On November 6, 2024, they released Thrive: Heavy Lies the Crown in Early Access, to great reviews. The game is a medieval city builder with real-time strategy elements and both single-player and cooperative multiplayer functionality. Players can strategically expand their territory and their kingdom, and then build out along a large map. As their journeys progress, the fate of the kingdom hinges on every decision they make.
Today, the team launched the game’s 1.0 version. We sat down with Garrett Hau, CTO at Zugalu Entertainment, and Jackie Li, the team’s lead concept artist and technical artist, to discuss the performance challenges they encountered and how building a custom vegetation system was key to the game’s optimization.
Building a custom vegetation system
Since the game is set in the wilderness, there are a lot of trees, grass, bushes, etc. In the original implementation, the grass was very sparse, but the team wanted to create an expansive and lush field of grass. “For many of our different biomes, such as the grassland biome, we wanted to cover the ground full of vegetation,” says Hau. To achieve that, they needed a system that could handle a high number of vegetation instances.
For the majority of the project, the team was using a third-party solution, which worked well, except that it was heavily CPU-sided, was costing around 3 milliseconds, and the game was very CPU bottlenecked. Since they had a pretty low system requirement, they decided to transfer most of the calculations over to the GPU and needed a different kind of solution.
“We decided to make our own system, and at the same time, integrate with the game’s tile-based nature. The original system had its own way of working, and certain interactions at the per-tile level were too costly,” says Hau.

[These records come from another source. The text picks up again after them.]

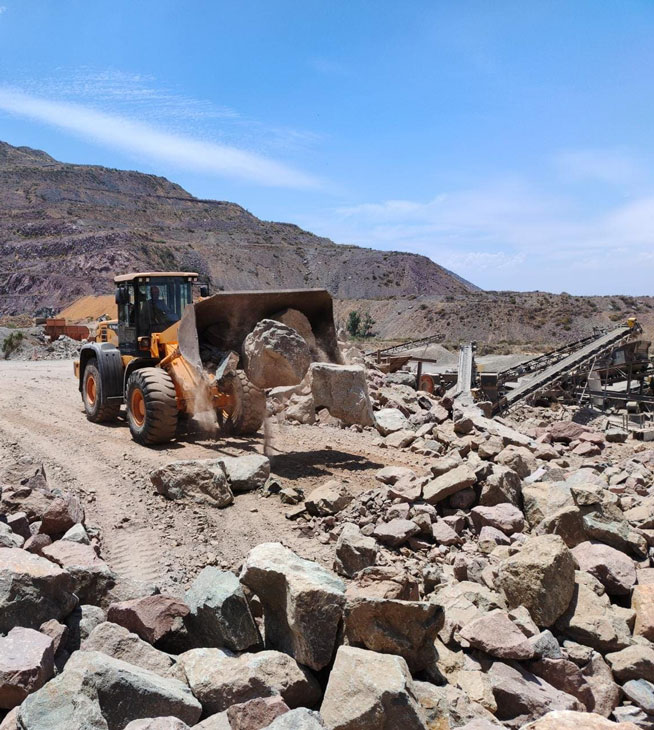 Operación cantera Áridos Quilapilún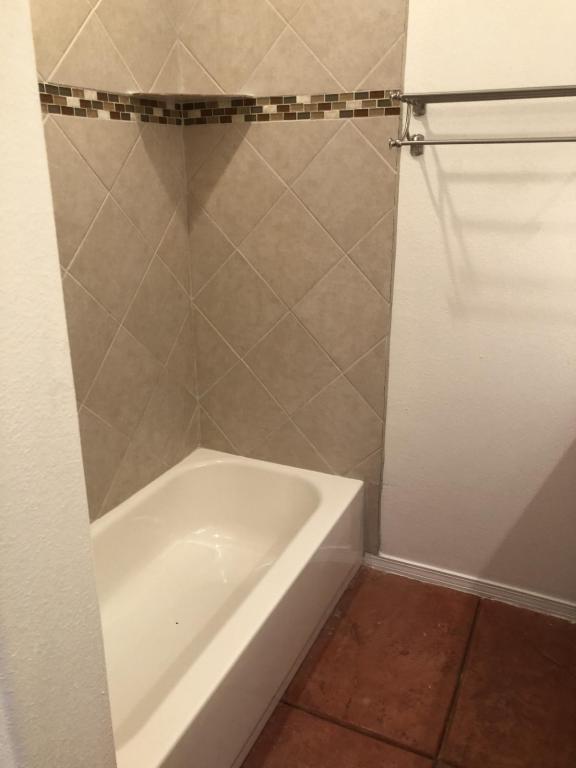 Building Photo - 1703-E Lomas Blvd NW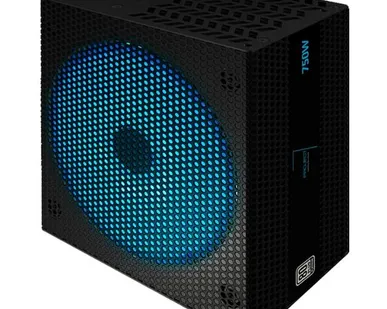 фото Блок питания AeroCool P7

They wanted to fix that and be able to have higher density vegetation. Since they were calculating on the GPU in their new system, they had more performance headroom and the opportunity to create a flourishing forest.
Another key goal was getting per-tile masking. “Before, when you placed down a road, it couldn’t be efficiently masked out, so the vegetation would just grow on top of the roads,” says Hau. Since the initial method relied on the CPU, every additional mask would burden it, and they wanted to have the roads, or anything really, mask out grass or vegetation without eating up a lot of performance.

Executing with compute shaders
The team also experienced a major bottleneck when it came to spawning the vegetation across its large map. Since the game has an abundance of vegetation and a really high camera that can move quickly across the map, it was important for the vegetation to spawn in without halting the player. This turned out to be very difficult.
“When you look at the vegetation, you see that you need to spawn potentially hundreds of thousands of instances. So we chose GPU instancing, which was designed for this exact purpose, allowing for potentially millions of instances,” says Li.
To begin, the team prepared the data for GPU instancing. They needed to construct and feed the GPU an array of all the positions they wanted to spawn their vegetation at. The vegetation doesn't really interact with the CPU side outside of the tile masking, so they executed this with a compute shader. Since the compute shader ran on the GPU before their render shaders executed, they prepared the data in their compute shader, and then fed the resulting data for instancing. This is also known as instance indirect.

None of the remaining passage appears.